Chemically synthesized quantum dots (QDs) can potentially enable new classes of highly flexible, spectrally tunable lasers processible from solutions [1,2]. Despite a considerable progress over the past years, colloidal-QD lasing, however, is still at the laboratory stage and an important challenge - realization of lasing with electrical injection - is still unresolved. A major complication, which hinders the progress in this field, is fast nonradiative Auger recombination of gain-active multicarrier species such as trions (charged excitons) and biexcitons [3,4]. Recently, we explored several approaches for mitigating the problem of Auger decay by taking advantage of a new generation of core/multi-shell QDs with a radially graded composition that allow for considerable (nearly complete) suppression of Auger recombination by “softening” the electron and hole confinement potentials [5]. Using these specially engineered QDs, we have been able to realize optical gain with direct-current electrical pumping [6], which has been a long-standing goal in the field of colloidal nanostructures. Further, we apply these dots to practically demonstrated the viability of a “zero-threshold-optical-gain” concept using not neutral but negatively charged particles wherein the pre-existing electrons block either partially or completely ground-state absorption [7]. Such charged QDs are optical-gain-ready without excitation and, in principle, can exhibit lasing at vanishingly small pump levels. All of these exciting recent developments demonstrate a considerable promise of colloidal nanomaterials for implementing solution-processible optically and electrically pumped laser devices operating across a wide range of wavelengths and fabricated on virtually any substrate using a variety of optical-cavity designs.

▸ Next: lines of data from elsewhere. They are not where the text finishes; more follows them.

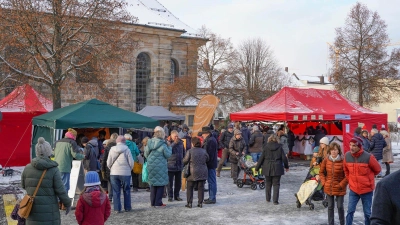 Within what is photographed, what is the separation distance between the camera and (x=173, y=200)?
1073 centimetres

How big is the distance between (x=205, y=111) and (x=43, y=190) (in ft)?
40.9

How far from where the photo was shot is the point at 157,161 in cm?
948

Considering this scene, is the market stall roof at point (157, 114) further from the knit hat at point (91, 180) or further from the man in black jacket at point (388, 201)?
the man in black jacket at point (388, 201)

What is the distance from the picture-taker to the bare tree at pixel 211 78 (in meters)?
32.6

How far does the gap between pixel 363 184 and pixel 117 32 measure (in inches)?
512

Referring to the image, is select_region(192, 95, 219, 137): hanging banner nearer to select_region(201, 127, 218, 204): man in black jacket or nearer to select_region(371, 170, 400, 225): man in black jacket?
select_region(201, 127, 218, 204): man in black jacket

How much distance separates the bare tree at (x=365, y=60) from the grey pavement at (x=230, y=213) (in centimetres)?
2392

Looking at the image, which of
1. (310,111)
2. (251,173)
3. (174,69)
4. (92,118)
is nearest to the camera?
(92,118)

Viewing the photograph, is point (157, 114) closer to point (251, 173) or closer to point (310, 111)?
point (310, 111)

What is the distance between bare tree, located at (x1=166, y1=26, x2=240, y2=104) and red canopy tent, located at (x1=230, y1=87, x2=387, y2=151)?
44.7 feet

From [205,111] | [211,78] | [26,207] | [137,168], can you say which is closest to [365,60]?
[211,78]

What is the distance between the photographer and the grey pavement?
28.2 feet

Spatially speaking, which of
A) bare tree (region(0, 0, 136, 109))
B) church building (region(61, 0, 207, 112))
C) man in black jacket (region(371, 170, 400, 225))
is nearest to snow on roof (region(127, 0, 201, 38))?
church building (region(61, 0, 207, 112))

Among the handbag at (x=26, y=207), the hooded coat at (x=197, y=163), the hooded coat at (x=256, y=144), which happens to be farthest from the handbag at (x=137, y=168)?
the handbag at (x=26, y=207) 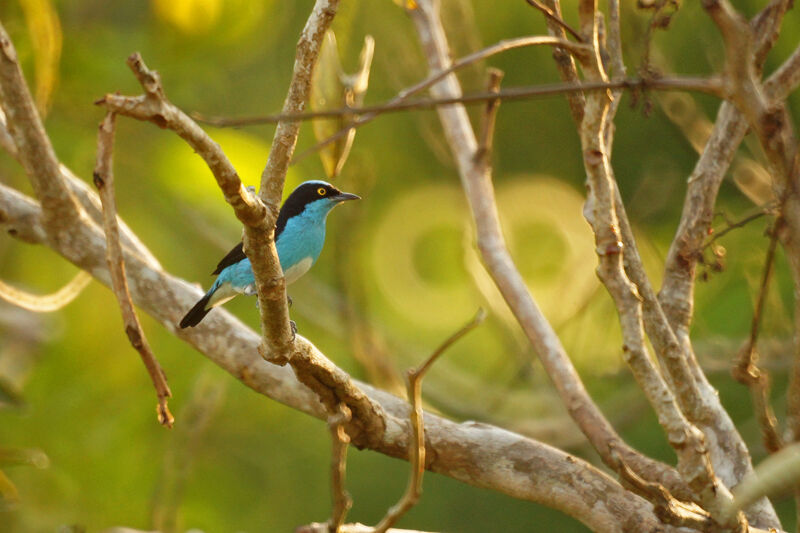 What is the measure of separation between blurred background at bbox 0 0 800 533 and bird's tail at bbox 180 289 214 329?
0.40 metres

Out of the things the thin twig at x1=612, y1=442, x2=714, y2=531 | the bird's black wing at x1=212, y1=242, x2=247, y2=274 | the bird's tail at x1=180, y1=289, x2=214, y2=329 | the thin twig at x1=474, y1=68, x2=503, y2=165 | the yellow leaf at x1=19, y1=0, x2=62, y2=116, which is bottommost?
the thin twig at x1=612, y1=442, x2=714, y2=531

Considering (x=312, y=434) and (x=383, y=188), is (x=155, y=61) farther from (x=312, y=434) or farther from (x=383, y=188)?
(x=383, y=188)

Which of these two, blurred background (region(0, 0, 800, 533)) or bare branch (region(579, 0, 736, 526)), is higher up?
blurred background (region(0, 0, 800, 533))

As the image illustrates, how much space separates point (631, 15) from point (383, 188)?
6.32 m

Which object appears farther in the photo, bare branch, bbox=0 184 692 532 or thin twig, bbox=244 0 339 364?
bare branch, bbox=0 184 692 532

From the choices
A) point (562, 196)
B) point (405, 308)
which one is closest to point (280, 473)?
point (405, 308)

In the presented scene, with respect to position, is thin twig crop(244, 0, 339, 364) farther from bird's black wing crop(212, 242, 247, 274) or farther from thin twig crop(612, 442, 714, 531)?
bird's black wing crop(212, 242, 247, 274)

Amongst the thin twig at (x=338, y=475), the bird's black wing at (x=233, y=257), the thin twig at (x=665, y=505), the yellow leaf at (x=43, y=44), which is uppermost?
the yellow leaf at (x=43, y=44)

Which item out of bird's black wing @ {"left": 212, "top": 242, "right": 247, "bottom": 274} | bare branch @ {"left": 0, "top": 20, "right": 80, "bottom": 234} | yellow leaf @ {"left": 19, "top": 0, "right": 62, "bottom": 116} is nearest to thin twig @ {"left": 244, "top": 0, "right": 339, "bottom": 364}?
bird's black wing @ {"left": 212, "top": 242, "right": 247, "bottom": 274}

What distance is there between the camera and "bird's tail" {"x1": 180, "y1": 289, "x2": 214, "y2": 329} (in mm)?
3910

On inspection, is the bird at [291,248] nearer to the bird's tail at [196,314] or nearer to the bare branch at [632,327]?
the bird's tail at [196,314]

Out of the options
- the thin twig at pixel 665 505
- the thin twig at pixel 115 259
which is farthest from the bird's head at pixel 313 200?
the thin twig at pixel 665 505

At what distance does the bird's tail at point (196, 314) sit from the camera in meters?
3.91

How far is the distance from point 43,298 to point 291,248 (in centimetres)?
105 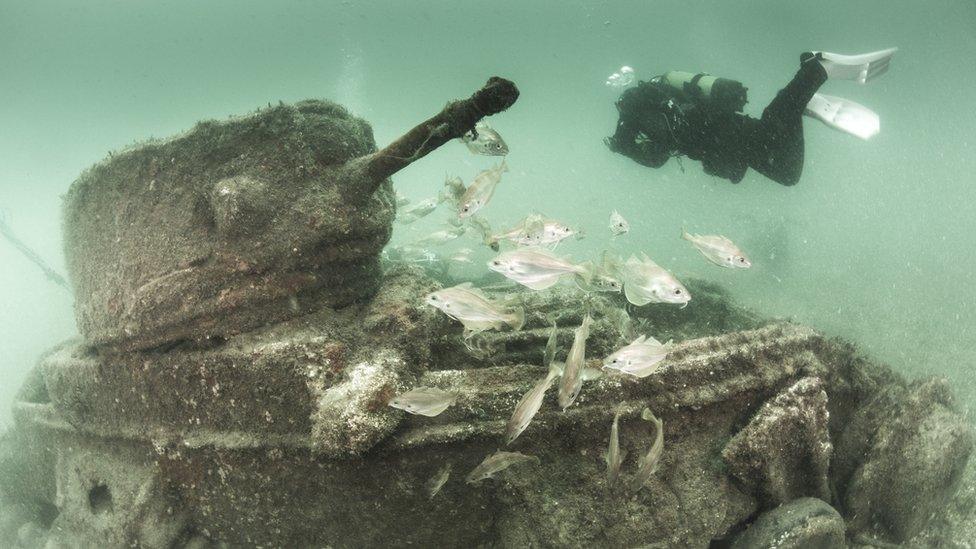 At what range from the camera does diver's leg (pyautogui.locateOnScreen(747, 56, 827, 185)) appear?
779cm

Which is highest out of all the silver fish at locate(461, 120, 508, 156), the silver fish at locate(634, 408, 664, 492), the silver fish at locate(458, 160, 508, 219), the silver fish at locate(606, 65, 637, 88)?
the silver fish at locate(606, 65, 637, 88)

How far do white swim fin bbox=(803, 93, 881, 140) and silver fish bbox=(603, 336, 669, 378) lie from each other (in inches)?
320

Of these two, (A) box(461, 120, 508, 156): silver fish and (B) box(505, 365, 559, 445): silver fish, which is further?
(A) box(461, 120, 508, 156): silver fish

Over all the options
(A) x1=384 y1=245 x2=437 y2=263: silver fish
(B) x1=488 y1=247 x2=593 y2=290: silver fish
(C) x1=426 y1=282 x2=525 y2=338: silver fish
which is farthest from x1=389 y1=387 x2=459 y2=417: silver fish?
(A) x1=384 y1=245 x2=437 y2=263: silver fish

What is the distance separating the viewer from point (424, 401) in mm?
2744

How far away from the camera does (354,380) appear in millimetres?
2938

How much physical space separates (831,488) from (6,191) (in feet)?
215

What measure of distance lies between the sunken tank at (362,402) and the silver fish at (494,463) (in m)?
0.14

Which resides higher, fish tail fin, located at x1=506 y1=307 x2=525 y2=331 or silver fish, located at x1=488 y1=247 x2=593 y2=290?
silver fish, located at x1=488 y1=247 x2=593 y2=290

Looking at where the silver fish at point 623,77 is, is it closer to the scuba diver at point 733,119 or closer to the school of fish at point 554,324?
the scuba diver at point 733,119

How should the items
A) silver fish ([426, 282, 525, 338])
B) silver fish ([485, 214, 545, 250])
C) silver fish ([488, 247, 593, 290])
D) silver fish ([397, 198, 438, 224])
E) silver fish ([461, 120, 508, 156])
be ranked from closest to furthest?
silver fish ([426, 282, 525, 338]) → silver fish ([488, 247, 593, 290]) → silver fish ([485, 214, 545, 250]) → silver fish ([461, 120, 508, 156]) → silver fish ([397, 198, 438, 224])

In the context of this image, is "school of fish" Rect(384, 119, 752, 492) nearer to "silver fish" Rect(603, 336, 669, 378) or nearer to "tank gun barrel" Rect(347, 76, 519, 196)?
"silver fish" Rect(603, 336, 669, 378)

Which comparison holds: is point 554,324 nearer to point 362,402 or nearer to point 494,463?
point 494,463

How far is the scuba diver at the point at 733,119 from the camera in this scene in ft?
25.8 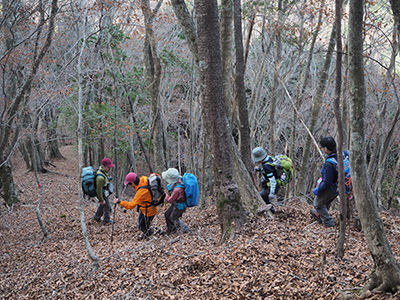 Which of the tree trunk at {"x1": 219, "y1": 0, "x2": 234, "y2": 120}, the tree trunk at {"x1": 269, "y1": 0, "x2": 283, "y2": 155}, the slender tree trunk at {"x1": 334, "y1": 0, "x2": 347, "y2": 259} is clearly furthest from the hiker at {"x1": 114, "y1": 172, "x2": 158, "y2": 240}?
the tree trunk at {"x1": 269, "y1": 0, "x2": 283, "y2": 155}

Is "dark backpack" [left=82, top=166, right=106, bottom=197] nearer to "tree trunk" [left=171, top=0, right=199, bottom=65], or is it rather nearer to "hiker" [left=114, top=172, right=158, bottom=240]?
"hiker" [left=114, top=172, right=158, bottom=240]

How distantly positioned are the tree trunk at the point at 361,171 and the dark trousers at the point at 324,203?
2.81m

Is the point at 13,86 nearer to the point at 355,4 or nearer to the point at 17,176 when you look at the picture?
the point at 17,176

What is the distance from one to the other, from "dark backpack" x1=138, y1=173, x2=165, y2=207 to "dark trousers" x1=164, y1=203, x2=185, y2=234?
1.01 ft

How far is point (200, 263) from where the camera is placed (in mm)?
4535

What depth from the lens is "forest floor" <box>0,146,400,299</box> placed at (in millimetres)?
3816

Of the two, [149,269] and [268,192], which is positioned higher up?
[268,192]

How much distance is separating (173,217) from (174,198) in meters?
0.61

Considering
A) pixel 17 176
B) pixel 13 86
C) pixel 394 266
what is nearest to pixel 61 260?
pixel 394 266

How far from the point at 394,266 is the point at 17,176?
22.1 m

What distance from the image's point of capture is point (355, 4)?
3.07 m

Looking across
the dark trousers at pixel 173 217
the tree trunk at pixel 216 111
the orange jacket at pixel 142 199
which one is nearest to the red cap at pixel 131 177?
the orange jacket at pixel 142 199

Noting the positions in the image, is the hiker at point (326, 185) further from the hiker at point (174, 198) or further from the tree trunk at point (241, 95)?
the hiker at point (174, 198)

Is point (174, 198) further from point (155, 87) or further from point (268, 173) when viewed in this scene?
point (155, 87) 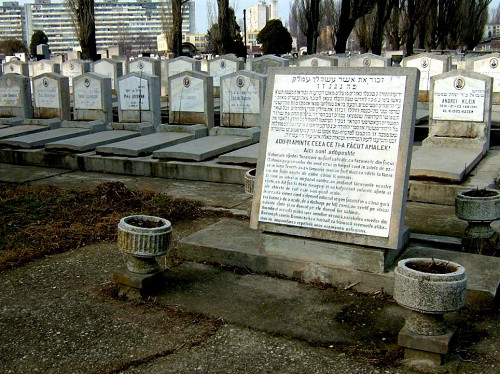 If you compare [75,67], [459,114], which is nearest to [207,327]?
[459,114]

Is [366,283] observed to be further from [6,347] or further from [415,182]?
[415,182]

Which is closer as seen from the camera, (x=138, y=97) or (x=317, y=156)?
(x=317, y=156)

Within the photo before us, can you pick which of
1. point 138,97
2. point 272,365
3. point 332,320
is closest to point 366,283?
point 332,320

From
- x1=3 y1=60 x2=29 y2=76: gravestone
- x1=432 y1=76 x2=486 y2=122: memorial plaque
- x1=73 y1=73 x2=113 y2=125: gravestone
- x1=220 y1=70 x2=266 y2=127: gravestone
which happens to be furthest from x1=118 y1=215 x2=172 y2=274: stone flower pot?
x1=3 y1=60 x2=29 y2=76: gravestone

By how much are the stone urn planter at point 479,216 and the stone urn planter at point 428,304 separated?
1.76 metres

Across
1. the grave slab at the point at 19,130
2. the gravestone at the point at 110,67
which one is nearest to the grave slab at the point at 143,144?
the grave slab at the point at 19,130

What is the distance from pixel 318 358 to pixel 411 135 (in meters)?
1.82

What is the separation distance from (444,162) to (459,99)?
6.07ft

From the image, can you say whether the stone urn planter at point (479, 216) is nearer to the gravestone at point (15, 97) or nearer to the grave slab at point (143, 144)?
the grave slab at point (143, 144)

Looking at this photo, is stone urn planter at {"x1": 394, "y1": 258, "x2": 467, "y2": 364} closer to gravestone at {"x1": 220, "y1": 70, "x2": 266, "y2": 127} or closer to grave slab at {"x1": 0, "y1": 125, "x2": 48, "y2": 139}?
gravestone at {"x1": 220, "y1": 70, "x2": 266, "y2": 127}

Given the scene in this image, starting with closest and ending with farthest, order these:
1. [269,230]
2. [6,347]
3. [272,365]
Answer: [272,365]
[6,347]
[269,230]

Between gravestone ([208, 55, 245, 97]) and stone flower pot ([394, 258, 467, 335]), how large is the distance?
14.2 meters

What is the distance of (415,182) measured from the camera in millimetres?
7570

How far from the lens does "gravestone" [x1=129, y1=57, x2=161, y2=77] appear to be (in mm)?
17250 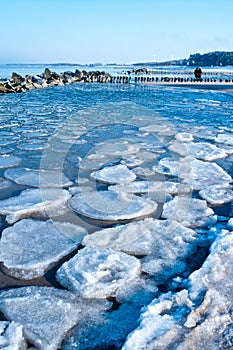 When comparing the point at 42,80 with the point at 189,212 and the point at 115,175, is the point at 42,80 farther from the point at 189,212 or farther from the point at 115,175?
the point at 189,212

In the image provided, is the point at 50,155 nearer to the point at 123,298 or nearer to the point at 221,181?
the point at 221,181

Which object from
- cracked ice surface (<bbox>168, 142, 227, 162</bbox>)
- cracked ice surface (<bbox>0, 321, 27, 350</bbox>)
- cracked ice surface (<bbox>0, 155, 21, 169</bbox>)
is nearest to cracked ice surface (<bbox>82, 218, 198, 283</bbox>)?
cracked ice surface (<bbox>0, 321, 27, 350</bbox>)

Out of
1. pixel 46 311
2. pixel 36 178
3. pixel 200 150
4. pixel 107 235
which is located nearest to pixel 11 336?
pixel 46 311

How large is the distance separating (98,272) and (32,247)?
532 millimetres

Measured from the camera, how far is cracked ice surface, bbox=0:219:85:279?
188cm

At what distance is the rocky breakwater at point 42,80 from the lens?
1507 cm

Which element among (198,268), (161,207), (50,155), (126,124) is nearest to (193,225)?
(161,207)

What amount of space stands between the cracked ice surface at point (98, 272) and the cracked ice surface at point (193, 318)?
27 centimetres

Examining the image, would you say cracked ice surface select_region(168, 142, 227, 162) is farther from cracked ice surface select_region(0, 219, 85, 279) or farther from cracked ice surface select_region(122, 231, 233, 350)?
cracked ice surface select_region(122, 231, 233, 350)

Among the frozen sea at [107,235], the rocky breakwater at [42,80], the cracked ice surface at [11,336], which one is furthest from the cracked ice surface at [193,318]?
the rocky breakwater at [42,80]

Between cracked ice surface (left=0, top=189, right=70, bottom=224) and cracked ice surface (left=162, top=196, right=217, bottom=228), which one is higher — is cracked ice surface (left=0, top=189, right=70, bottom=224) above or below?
above

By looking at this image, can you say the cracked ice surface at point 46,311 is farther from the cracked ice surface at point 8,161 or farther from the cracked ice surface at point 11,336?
the cracked ice surface at point 8,161

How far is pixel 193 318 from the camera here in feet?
4.73

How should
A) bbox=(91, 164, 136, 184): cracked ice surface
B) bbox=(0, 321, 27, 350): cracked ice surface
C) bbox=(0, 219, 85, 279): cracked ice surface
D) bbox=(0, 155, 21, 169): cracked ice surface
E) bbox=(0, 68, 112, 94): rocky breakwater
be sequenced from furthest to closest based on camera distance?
bbox=(0, 68, 112, 94): rocky breakwater, bbox=(0, 155, 21, 169): cracked ice surface, bbox=(91, 164, 136, 184): cracked ice surface, bbox=(0, 219, 85, 279): cracked ice surface, bbox=(0, 321, 27, 350): cracked ice surface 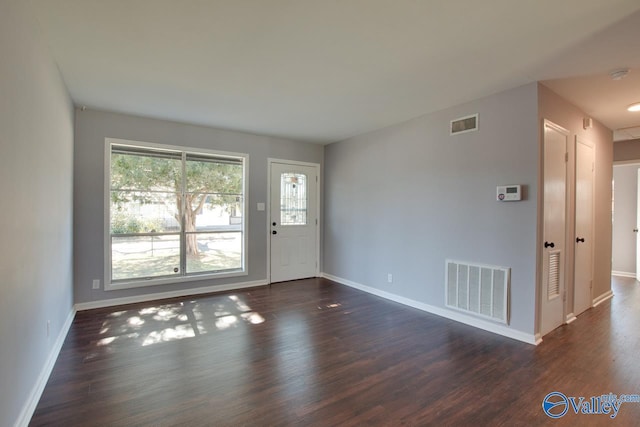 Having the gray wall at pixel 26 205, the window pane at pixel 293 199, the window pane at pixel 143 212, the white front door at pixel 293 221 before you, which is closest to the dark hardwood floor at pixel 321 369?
the gray wall at pixel 26 205

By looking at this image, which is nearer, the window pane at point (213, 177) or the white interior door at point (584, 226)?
the white interior door at point (584, 226)

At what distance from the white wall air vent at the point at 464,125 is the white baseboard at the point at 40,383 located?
452 cm

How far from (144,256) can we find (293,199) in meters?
2.61

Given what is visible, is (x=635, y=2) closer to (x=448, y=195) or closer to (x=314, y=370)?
(x=448, y=195)

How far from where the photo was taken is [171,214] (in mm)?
4531

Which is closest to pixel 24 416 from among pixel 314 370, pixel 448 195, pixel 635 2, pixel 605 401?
pixel 314 370

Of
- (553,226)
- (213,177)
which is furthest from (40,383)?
(553,226)

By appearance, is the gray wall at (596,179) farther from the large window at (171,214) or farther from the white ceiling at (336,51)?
the large window at (171,214)

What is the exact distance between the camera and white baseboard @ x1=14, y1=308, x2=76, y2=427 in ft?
5.89

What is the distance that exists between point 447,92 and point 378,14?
5.33 feet

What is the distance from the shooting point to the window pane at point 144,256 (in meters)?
4.18

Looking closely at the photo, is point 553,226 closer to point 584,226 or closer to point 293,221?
point 584,226

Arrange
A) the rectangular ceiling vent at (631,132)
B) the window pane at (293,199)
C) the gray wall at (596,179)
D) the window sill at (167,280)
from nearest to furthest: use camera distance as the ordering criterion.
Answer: the gray wall at (596,179)
the window sill at (167,280)
the rectangular ceiling vent at (631,132)
the window pane at (293,199)

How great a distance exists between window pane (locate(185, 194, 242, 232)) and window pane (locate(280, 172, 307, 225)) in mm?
823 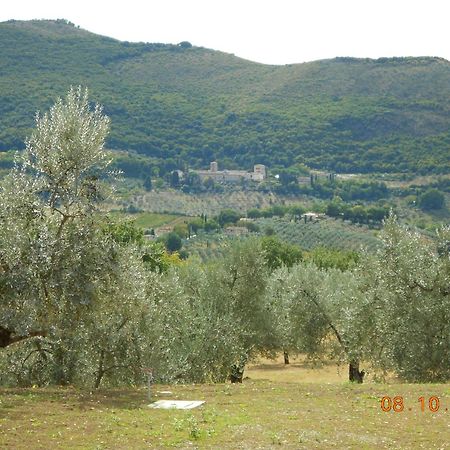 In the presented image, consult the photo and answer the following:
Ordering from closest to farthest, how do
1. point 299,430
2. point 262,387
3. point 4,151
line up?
1. point 299,430
2. point 262,387
3. point 4,151

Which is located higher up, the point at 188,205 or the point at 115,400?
the point at 188,205

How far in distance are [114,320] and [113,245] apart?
11.8 feet

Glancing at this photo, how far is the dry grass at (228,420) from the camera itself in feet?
50.6

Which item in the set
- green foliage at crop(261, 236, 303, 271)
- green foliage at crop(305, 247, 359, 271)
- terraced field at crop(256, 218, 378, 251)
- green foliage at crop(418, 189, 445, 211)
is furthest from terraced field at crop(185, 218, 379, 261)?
green foliage at crop(418, 189, 445, 211)

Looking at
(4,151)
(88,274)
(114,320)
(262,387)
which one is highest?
(4,151)

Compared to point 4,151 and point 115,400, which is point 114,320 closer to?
point 115,400

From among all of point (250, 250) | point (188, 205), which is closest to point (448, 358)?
point (250, 250)

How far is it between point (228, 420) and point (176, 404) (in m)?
2.21

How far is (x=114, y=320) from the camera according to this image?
22891mm

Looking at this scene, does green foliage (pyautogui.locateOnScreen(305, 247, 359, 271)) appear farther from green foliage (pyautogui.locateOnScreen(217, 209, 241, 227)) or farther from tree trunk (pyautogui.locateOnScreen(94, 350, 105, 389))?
tree trunk (pyautogui.locateOnScreen(94, 350, 105, 389))

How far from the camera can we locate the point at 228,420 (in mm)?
17359

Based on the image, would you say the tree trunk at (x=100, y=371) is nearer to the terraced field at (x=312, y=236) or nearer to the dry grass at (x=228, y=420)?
the dry grass at (x=228, y=420)

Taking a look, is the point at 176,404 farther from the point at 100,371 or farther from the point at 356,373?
the point at 356,373

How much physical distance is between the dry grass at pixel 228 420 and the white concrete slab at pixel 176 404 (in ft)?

[1] Klimov, V. I.et al., Optical gain and stimulated emission in nanocrystal quantum dots. Science290, 314 (2000).

[2] Klimov, V. I.et al., Single-exciton optical gain in semiconductor nanocrystals. Nature447, 441 (2007).

[3] Klimov, V. I. et al., Quantization of multiparticle Auger rates in semiconductor quantum dots. Science287, 1011 (2000).

[4] Robel, I., et al., Universal Size-Dependent Trend in Auger Recombination in Direct-Gap and Indirect-Gap Semiconductor Nanocrystals. Phys. Rev. Lett.102, 177404 (2009).

[5] Y.-S. Park, et al., Effect of Interfacial Alloying versus “Volume Scaling” on Auger Recombination in Compositionally Graded Semiconductor Quantum Dots. Nano Lett. 17, 5607 (2017).

[6] Lim, J., et al., Optical Gain in Colloidal Quantum Dots Achieved by Direct-Current Charge Injection. Nat. Mater.17, 42 (2018).

[7] Wu, K., et al., Towards zero-threshold optical gain using charged semiconductor quantum dots. Nat. Nanotechnol.12, 1140 (2017).